Sem fim.

É estranho o modo como as coisas acontecem. Sempre me perguntei porque o remorso é mais forte que a alegria, e a culpa maior que a gratidão. Nunca obtive resposta satisfatória. Sou triste, infeliz, incapaz. Portanto, prazer em conhecê-lo. E espero que esse sentimento não seja recíproco.

Algo que você deve saber: a eternidade é a pior maldição possível. De todos os prazeres possíveis, nenhum é mais agradável que o fim. Confie em mim, não há dor. É rápido, infinitesimalmente rápido. E não me venha com moralismo, dizendo que a vida deve ser preservada, que é algo divino, e semelhantes. A morte é tão gloriosa quanto a vida, aceite isso. A ausência de um fim é inconcebível e inconsumível.

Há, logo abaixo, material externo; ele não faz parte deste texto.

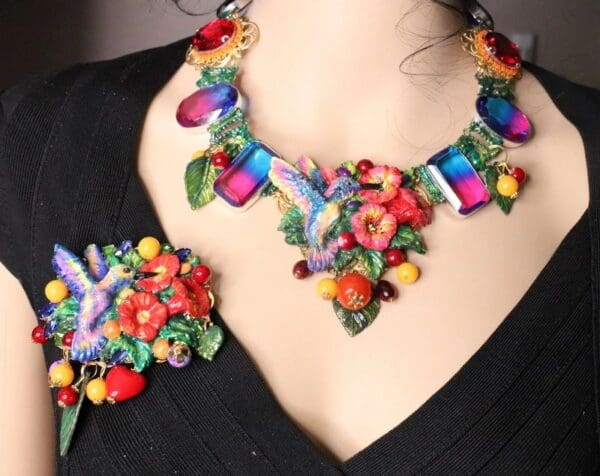A woman wearing a necklace and bracelet with colorful flowers.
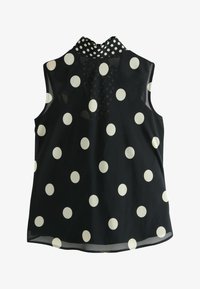 Sélectionné, black polka dot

Tudo que é vivo só é rotulado como 'vivo' por um único fator, imutável: em algum dado momento, vai deixar de ser. Estrelas param de brilhar, fazendo com que o calor que transmitiam cesse. Sabia que tudo o que vemos não passa de uma mera fotografia? Você não vê o sol: vê apenas uma fotografia do sol, de oito minutos atrás. E um dia, essa fotografia vai deixar de existir.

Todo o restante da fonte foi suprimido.